Test guidelineopen allclose all
Qualifier:
according to
Guideline:
OECD Guideline 402 (Acute Dermal Toxicity)
Version / remarks:
1987-02-24
Deviations:
no
Qualifier:
according to
Guideline:
EU Method B.3 (Acute Toxicity (Dermal))
Version / remarks:
92/69/EC
Deviations:
no
Principles of method if other than guideline:
NA
GLP compliance:
yes
Test type:
standard acute method
Limit test:
yes

Test material

Reference
Name:
Unnamed
Type:
Constituent
Type:
Constituent
Details on test material:
Batch: E06000594
Purity: (GC): 99.9 %

Test animals

Species:
rat
Strain:
Wistar
Sex:
male/female
Details on test animals and environmental conditions:
Rat, Wistar HsdCpb: WU, males (m) and females (f)
Breeder: F. Winkelmann, DE-33178 Borchen
Age: approx. 9 - 10 weeks

Administration / exposure

Type of coverage:
semiocclusive
Vehicle:
paraffin oil
Details on dermal exposure:
Backs and abdomens of the rats shaved with electric hair clipper, not later than 1 h before treatment.
Directly before administration test material was moistened with liquid paraffin, spread on the shaven skin, area ca. 6x6 cm, covered with gauze patch, kept in place by self-adhesive fabric. After exposure period of 24 hours gauze and adhesive fabric were removed and any remaining test material wiped off carefully.
Duration of exposure:
24 hours
Doses:
2000 mg/kg bw (limit test)
No. of animals per sex per dose:
5
Control animals:
no
Details on study design:
Test substance was tested for acute toxicity in 5 male and 5 female rats after dermal administration of 2000 mg/kg body weight. Directly before administration the test material was moistened with liquid paraffin, spread on the shaven skin and covered with a gauze patch, which was kept in place by self-adhesive fabric. After exposure time of 24 hours the gauze and adhesive fabric were removed, wiping off any remaining test material.
Statistics:
Body weight data were recorded with the validated PC-program "AKUDAT", statistical evaluations of body weight development carried out with "TOX 511A".

Results and discussion

Preliminary study:
NA
Effect levels
Sex:
male/female
Dose descriptor:
LD50
Effect level:
> 2 000 mg/kg bw
Mortality:
There were no deaths during the course of the study.
Clinical signs:
No signs of toxicity were detected in the rats (5 males and 5 females) after treatment with 2000 mg/kg.
Body weight:
The body weight development was inconspicuous. All rats were weighed before treatment and on days 2, 4, 6, 8, 11, 13 and 15 of the experimental part.
Gross pathology:
The gross pathological examination revealed no organ alterations.
Other findings:
None.

Any other information on results incl. tables

No signs of toxicity were detected in the rats (5 males and 5 females) after treatment with 2000 mg/kg bw. There were no deaths during the course of the study, so the lethal dose is expected to be > 2000 mg/kg bw. The body weight development was inconspicuous and the gross pathological examination revealed no organ alterations. Based on the results of this study, test substance can be considered to have no acute toxic potential and the expected LD50 value is higher than 2000 mg/kg bw after dermal administration to rats.

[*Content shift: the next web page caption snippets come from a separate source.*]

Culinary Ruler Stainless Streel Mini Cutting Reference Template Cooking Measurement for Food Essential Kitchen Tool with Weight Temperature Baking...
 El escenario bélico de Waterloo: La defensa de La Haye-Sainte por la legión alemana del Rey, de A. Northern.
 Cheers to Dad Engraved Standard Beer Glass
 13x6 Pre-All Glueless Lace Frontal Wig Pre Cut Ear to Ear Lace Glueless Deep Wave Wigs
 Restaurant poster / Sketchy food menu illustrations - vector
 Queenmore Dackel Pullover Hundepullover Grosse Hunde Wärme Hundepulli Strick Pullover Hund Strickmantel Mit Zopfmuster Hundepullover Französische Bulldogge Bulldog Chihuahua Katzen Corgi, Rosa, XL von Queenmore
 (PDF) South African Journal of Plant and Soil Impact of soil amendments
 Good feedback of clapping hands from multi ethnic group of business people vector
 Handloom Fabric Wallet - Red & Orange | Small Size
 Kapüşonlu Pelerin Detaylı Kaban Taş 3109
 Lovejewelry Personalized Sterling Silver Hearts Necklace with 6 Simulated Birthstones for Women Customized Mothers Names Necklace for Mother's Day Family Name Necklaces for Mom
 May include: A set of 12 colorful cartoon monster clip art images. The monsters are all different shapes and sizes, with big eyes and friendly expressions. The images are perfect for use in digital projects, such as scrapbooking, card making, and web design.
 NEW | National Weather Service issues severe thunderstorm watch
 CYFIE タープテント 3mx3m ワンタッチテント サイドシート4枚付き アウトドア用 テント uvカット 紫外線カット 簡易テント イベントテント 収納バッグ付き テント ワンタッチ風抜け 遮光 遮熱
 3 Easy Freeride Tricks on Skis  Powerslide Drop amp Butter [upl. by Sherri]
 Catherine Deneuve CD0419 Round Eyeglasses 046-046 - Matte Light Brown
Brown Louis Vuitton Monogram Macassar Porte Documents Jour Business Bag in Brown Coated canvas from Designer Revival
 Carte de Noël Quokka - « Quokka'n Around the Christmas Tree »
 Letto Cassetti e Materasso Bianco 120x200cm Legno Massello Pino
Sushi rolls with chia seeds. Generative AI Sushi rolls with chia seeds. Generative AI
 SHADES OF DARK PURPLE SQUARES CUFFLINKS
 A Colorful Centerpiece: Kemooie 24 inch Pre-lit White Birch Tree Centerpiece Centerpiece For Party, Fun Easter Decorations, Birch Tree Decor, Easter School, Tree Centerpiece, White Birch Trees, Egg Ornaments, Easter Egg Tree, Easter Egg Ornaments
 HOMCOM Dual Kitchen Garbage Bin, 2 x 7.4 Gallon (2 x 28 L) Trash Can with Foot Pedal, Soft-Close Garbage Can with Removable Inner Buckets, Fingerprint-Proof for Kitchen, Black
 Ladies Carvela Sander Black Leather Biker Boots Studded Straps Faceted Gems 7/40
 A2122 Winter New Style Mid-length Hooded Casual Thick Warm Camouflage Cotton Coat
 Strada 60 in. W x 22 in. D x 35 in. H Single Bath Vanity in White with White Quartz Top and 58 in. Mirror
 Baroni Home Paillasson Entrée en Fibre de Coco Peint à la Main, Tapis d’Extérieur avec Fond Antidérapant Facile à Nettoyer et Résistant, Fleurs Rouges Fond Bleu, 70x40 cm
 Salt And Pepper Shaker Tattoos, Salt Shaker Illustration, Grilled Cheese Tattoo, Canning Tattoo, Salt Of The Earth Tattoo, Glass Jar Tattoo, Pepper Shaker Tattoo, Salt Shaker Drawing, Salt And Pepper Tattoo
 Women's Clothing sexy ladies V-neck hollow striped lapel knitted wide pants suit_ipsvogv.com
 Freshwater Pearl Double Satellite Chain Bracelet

Applicant's summary and conclusion

Interpretation of results:
GHS criteria not met
Conclusions:
Based on the results of this study, test substance can be considered to have no acute toxic potential and the expected LD50 value is higher than 2000 mg/kg bw after dermal administration to rats.
Executive summary:

No signs of toxicity were detected in the rats (5 males and 5 females) after treatment with 2000 mg/kg bw. There were no deaths during the course of the study, so the lethal dose is expected to be higher than the limit dose tested. The body weight development was inconspicuous and the gross pathological examination revealed no organ alterations. Based on the results of this study, test substance can be considered to have no acute toxic potential and the expected LD50 value is higher than 2000 mg/kg bw after dermal administration to rats.